Located in the heart of Japan, Aichi Prefecture is known as a manufacturing hub and home to some of Japan’s largest factories. Aside from its economic output, it is also the source of many delicious cuisines, hallmarked by Hatcho miso, a variety of red miso. One such dish is Sumiso-Somen, a refreshing summer-time staple.
Hatcho miso is made from soybeans, fermented using koji mold over the span of one to three years depending on the level of concentration that is desired. Unlike white miso, Hatcho miso tends to be highly sour and rich, leading to an astringent taste that for some, needs to be acquired.

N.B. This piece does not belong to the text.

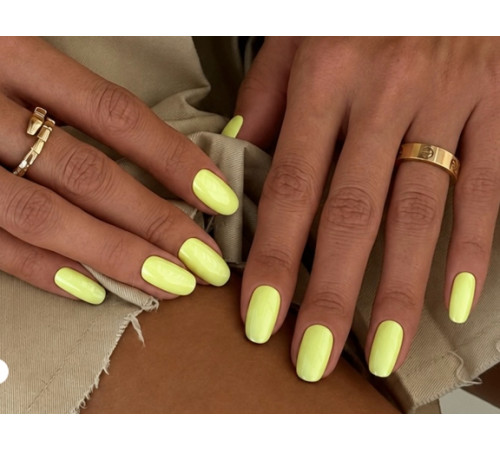 Гель-лак для нігтів Gemely Max Color №036, 6 мл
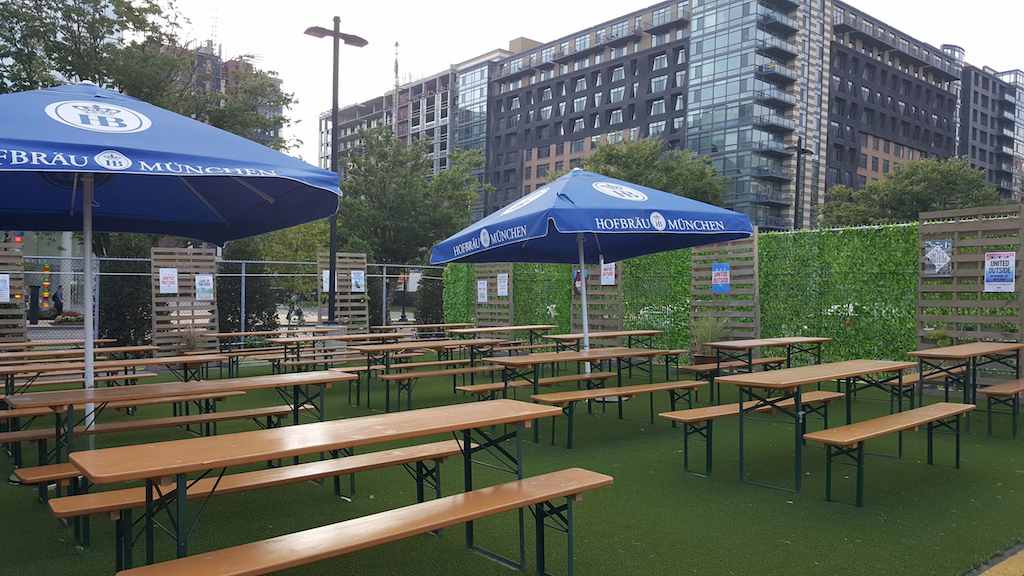 Dc S Newest Beer Garden Finds A Home In Noma Washingtonian Dc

A staple food for those in Aichi Prefecture, Hatcho miso is incorporated into a variety of their dishes, from ‘Miso-stewed Udon’ or ‘Miso Tonkatsu’. During summer, Sumiso Somen is a popular dish due to its high nutritional value from the minerals and salts of the Hatcho miso and the added vinegar that makes it a light meal amidst the intense summer humidity.
As the Hatcho miso and vinegar are slow to perish, it also provides an easy meal to prepare. Boiled somen noodles are coated lightly in vinegar and topped with a generous dollop of Hatcho miso. Adding a splash of dashi stock is also optional to mellow out the astringency of the vinegar. Common summer vegetables to add include sesame seeds, grated ginger and cucumber.
The result? A light dish balancing rich umami, saltiness, and the velvety noodles into a clean and tangy summer dish to nourish the body. For those visiting Aichi Prefecture, Sumiso-Somen is an ideal choice of meal for a midday sightseeing break.